Google Scholar is pretty amazing, but it works quite differently from the databases in Sources of Evidence. The search platform does work with publishers, but it also crawls sites known to host academic content. It frequently searches the full text of articles, not just the abstracts, so it risks bringing in less relevant content. It ingests more or less whatever it can find; there is no editorial review on the content. What it returns in your results list is dependent on who you are and when you’re running your search; don’t anticipate that running a search at different times, from different machines, or as two different people will ever return the same result set. The database is huge; result sets are consequently also generally overwhelmingly large, but you’re also only provided access to the first 1000 hits. All in, there’s a fair bit happening behind the scenes that you don’t control.
AI informed citation searching services are also pretty amazing. These discovery tools generally rely on network analyses, using things like citations, to draw connections between papers and other algorithms to topically cluster papers. The indexes that they have to draw on don’t generally come from publishers directly or by crawling the web like Google Scholar does, but rather by leveraging the meta data available through the organizations that, for example, issue DOIs for journal articles.
11.3.1 When to Use Which
These three kinds of services suggest three different approaches to the discovery of published evidence. Which you use will be determined by what your’re trying to acheive with a review of the published evidence.
The first – those listed under Sources of Evidence – are curated, stable, and reproducible. When being systematic in your approach, or when you need a confined set of literature that is generally accepted within academia, these should be your primary source of evidence. Any bias introduced here is through publication bias and the curatorial work done on selecting journals to index.

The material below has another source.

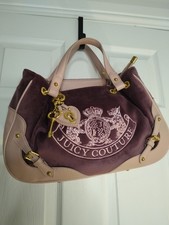 Juicy Couture Scottie Twig Dog Velvet Shoulder Bag Nuova Bordeaux Pink BNWT Y2K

The second – using a service like Google Scholar – are great when you are already familiar with a subject area, and need a quick, topical citation. Don’t expect to get a full evidence summary here, but do expect to find complimentary evidence to what you’ve already found, and to find it quickly. The page ranking algorithms used introduce bias. This is somewhat offset by the fact that these systems are rather indescriminate in what they’ll include.
The third – clustering and networking services – are great compliments to the above two sources, especially for serindipedous discovery. No search will ever return all relevant results; citation tracking and thematic clustering of abstracts can be hugely beneficial to trying to understand the scope of published evidence available. For the purposes of evidence synthesis, these tools on their own are insufficient. For the purposed of large evidence synthesis and exploratory efforts, these tools are invaluable. Bias in these systems will largely result from the clustering algorithms used.